Nous appelons nous aussi de nos vœux un débat approfondi sur un sujet qui convoque des questions vertigineuses et indissociables des rapports sociaux, et qui impose d'avoir toujours au cœur la préoccupation de la dignité humaine.
Le chef de l'État a affirmé que « les mots ont de l'importance et il faut essayer de bien nommer le réel sans créer d'ambiguïtés ». Pourtant, à notre sens, le projet de loi entretient une ambiguïté dont nous ne saisissons pas les raisons. Pourquoi ne pas parler d'aide active à mourir, d'assistance au suicide et d'euthanasie ? C'est pourtant ce que propose le projet de loi, comme l'indique d'ailleurs le Conseil d'État.
Le Gouvernement a décidé de promouvoir les soins dits d'accompagnement, réservant un sort incertain aux soins palliatifs. Il emploie ainsi une terminologie englobante alors que les soins palliatifs renvoient à une définition et à une pratique clairement identifiées, même au-delà de nos frontières, et qu'ils demeurent présents dans d'autres dispositions du code de la santé publique. Nous avons grand besoin de faire croître la culture palliative. Le Conseil d'État juge indispensable de ne pas supprimer toute définition des soins palliatifs. Comptez-vous suivre cette préconisation ?

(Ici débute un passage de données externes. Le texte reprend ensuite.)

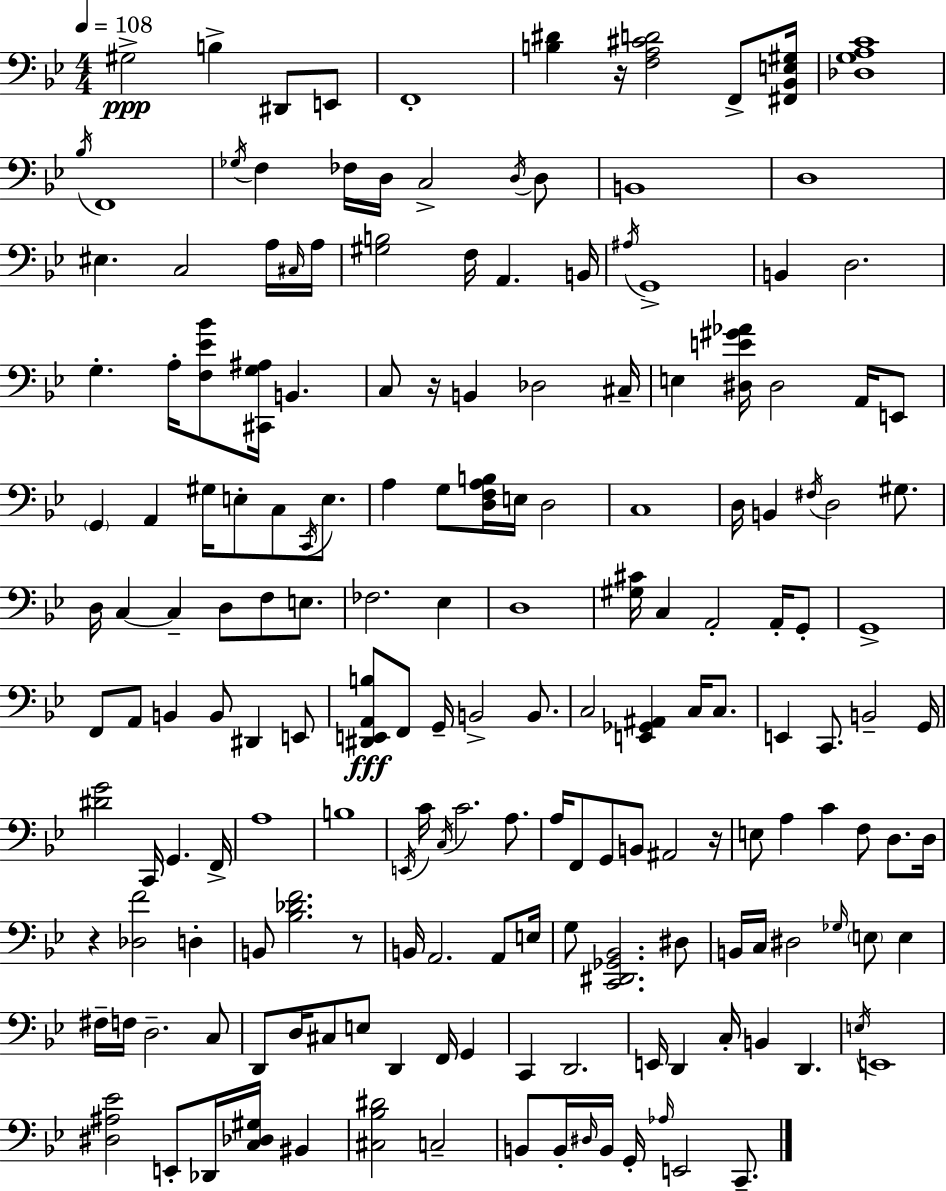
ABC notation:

X:1
T:Untitled
M:4/4
L:1/4
K:Gm
^G,2 B, ^D,,/2 E,,/2 F,,4 [B,^D] z/4 [F,A,^CD]2 F,,/2 [^F,,_B,,E,^G,]/4 [_D,G,A,C]4 _B,/4 F,,4 _G,/4 F, _F,/4 D,/4 C,2 D,/4 D,/2 B,,4 D,4 ^E, C,2 A,/4 ^C,/4 A,/4 [^G,B,]2 F,/4 A,, B,,/4 ^A,/4 G,,4 B,, D,2 G, A,/4 [F,_E_B]/2 [^C,,G,^A,]/4 B,, C,/2 z/4 B,, _D,2 ^C,/4 E, [^D,E^G_A]/4 ^D,2 A,,/4 E,,/2 G,, A,, ^G,/4 E,/2 C,/2 C,,/4 E,/2 A, G,/2 [D,F,A,B,]/4 E,/4 D,2 C,4 D,/4 B,, ^F,/4 D,2 ^G,/2 D,/4 C, C, D,/2 F,/2 E,/2 _F,2 _E, D,4 [^G,^C]/4 C, A,,2 A,,/4 G,,/2 G,,4 F,,/2 A,,/2 B,, B,,/2 ^D,, E,,/2 [^D,,E,,A,,B,]/2 F,,/2 G,,/4 B,,2 B,,/2 C,2 [E,,_G,,^A,,] C,/4 C,/2 E,, C,,/2 B,,2 G,,/4 [^DG]2 C,,/4 G,, F,,/4 A,4 B,4 E,,/4 C/4 C,/4 C2 A,/2 A,/4 F,,/2 G,,/2 B,,/2 ^A,,2 z/4 E,/2 A, C F,/2 D,/2 D,/4 z [_D,F]2 D, B,,/2 [_B,_DF]2 z/2 B,,/4 A,,2 A,,/2 E,/4 G,/2 [C,,^D,,_G,,_B,,]2 ^D,/2 B,,/4 C,/4 ^D,2 _G,/4 E,/2 E, ^F,/4 F,/4 D,2 C,/2 D,,/2 D,/4 ^C,/2 E,/2 D,, F,,/4 G,, C,, D,,2 E,,/4 D,, C,/4 B,, D,, E,/4 E,,4 [^D,^A,_E]2 E,,/2 _D,,/4 [C,_D,^G,]/4 ^B,, [^C,_B,^D]2 C,2 B,,/2 B,,/4 ^D,/4 B,,/4 G,,/4 _A,/4 E,,2 C,,/2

Le texte évoque les soins d'accompagnement, les maisons d'accompagnement et le plan personnalisé d'accompagnement, mais il n'intègre pas les propositions du professeur Chauvin concernant les instances de gouvernance et de territorialisation de ces soins et leur financement. Il est assez surprenant que l'étude d'impact considère les effets budgétaires de ces dispositions comme une question sans objet.
Le Conseil d'État résume ainsi la difficulté : « des dispositions législatives, voire réglementaires, sont insuffisantes, à elles seules, pour combler le retard constaté, ce d'autant que les dispositions du projet de loi créent une importante obligation de moyens, en particulier humains, à la charge des professions médicales, médico-sociales et sociales ».

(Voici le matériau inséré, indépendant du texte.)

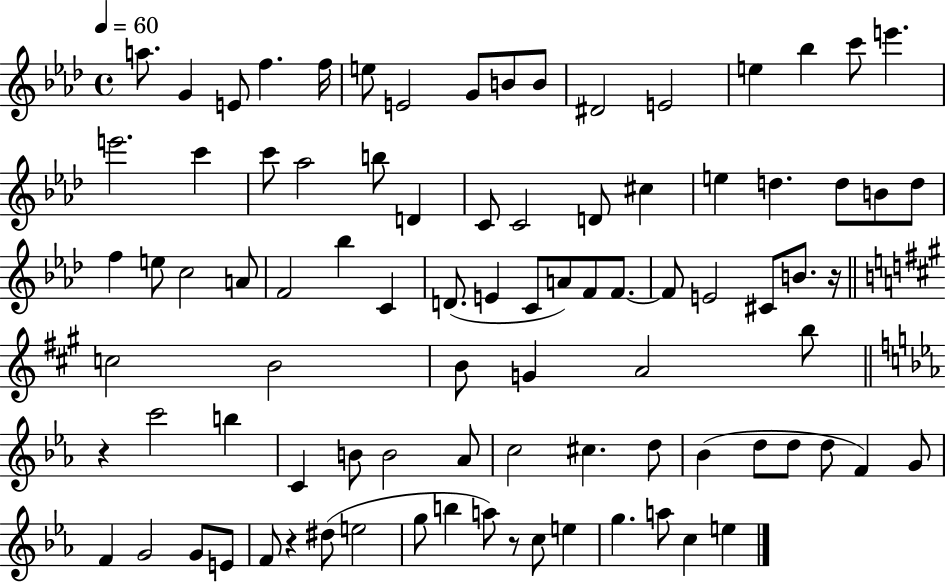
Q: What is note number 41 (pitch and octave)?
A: C4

Quant au plan décennal, il demeure aujourd'hui un mystère ; son aboutissement paraît quelque peu lointain. Il serait d'autant plus problématique d'entretenir le flou autour des soins palliatifs que nous sommes très loin de répondre aux besoins, et que ceux-ci vont s'accroître. Pour réparer cette injustice, il faut commencer par identifier clairement les besoins.

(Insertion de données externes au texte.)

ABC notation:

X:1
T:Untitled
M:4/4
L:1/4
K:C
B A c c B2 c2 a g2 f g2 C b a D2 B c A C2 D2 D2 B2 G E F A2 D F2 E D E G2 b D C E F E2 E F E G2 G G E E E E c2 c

Instaurer un droit à mourir dans le contexte de la crise hospitalière des soins palliatifs et de la prise en charge de l'autonomie soulève des interrogations. Pouvez-vous nous en dire plus sur les formes de continuité et de rupture que vous avez évoquées ? J'aimerais vous entendre plus précisément sur le changement de paradigme éthique, qui est aussi social et sanitaire. Que représente l'aide active à mourir pour la société en général et, en particulier, pour les personnels soignants mis à contribution ? Quelles difficultés, factuelles et juridiques, identifiez-vous ?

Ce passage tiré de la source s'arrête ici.